- [EXERCISE] Go to the line holding "Mirrors for Vanity" in the data below and repeat it exactly, then each line after it up to and including the one holding "Pre Owned Hermes". Omit pictures.

- [DATASET RECORDS]
_ _ _ _ _

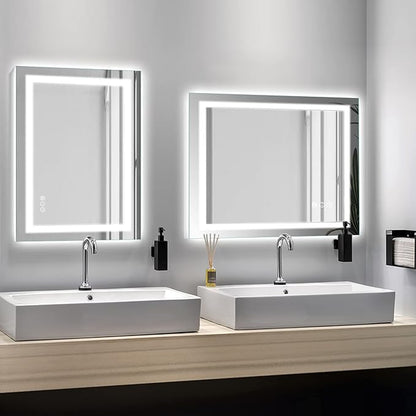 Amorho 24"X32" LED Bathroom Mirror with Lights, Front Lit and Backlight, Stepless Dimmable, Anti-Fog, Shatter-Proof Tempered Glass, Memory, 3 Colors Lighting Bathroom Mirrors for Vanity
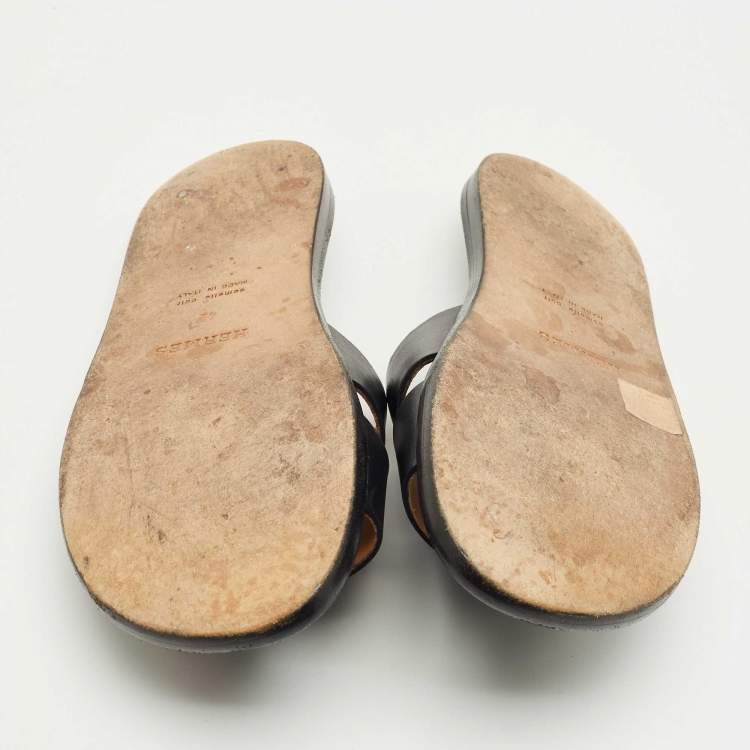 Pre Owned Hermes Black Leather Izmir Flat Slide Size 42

_ _ _ _ _

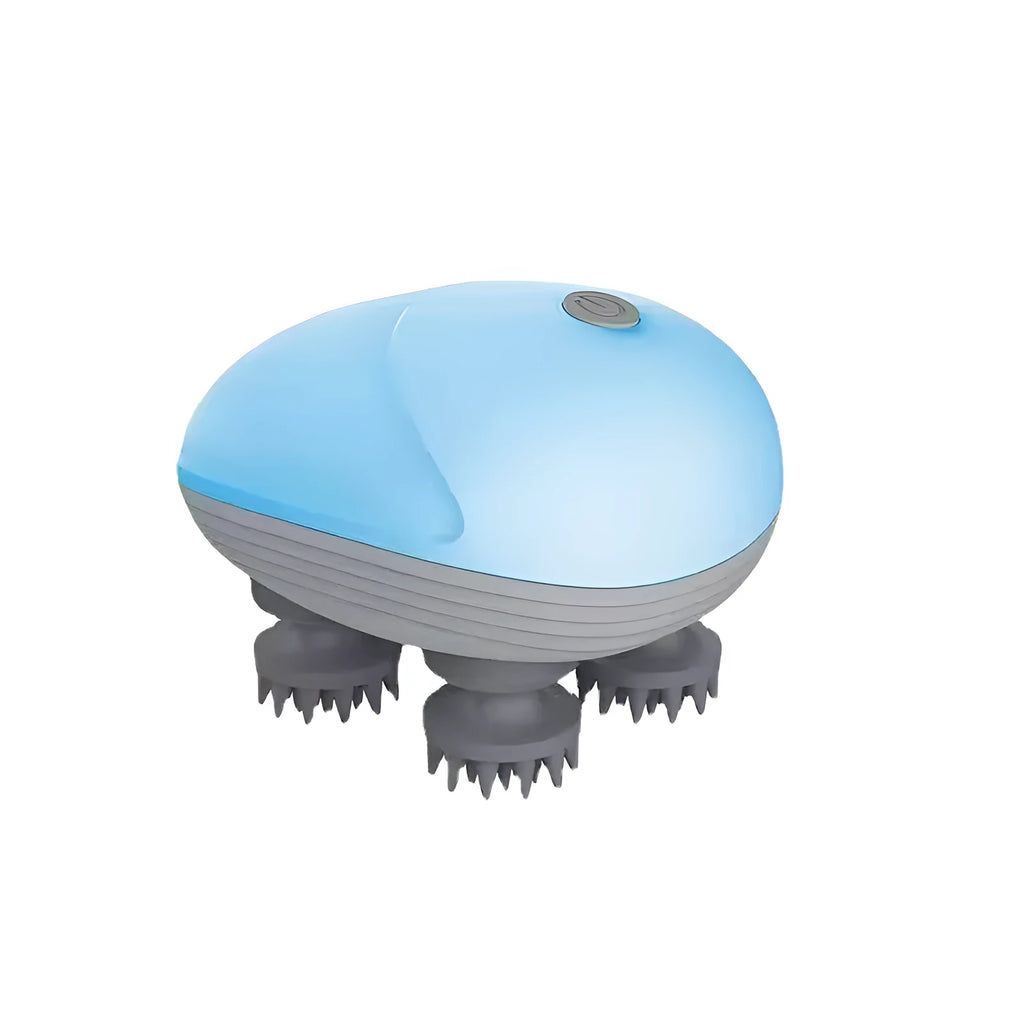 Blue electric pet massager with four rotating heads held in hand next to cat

_ _ _ _ _

- [YOUR SOLUTION]
 Amorho 24"X32" LED Bathroom Mirror with Lights, Front Lit and Backlight, Stepless Dimmable, Anti-Fog, Shatter-Proof Tempered Glass, Memory, 3 Colors Lighting Bathroom Mirrors for Vanity
 Pre Owned Hermes Black Leather Izmir Flat Slide Size 42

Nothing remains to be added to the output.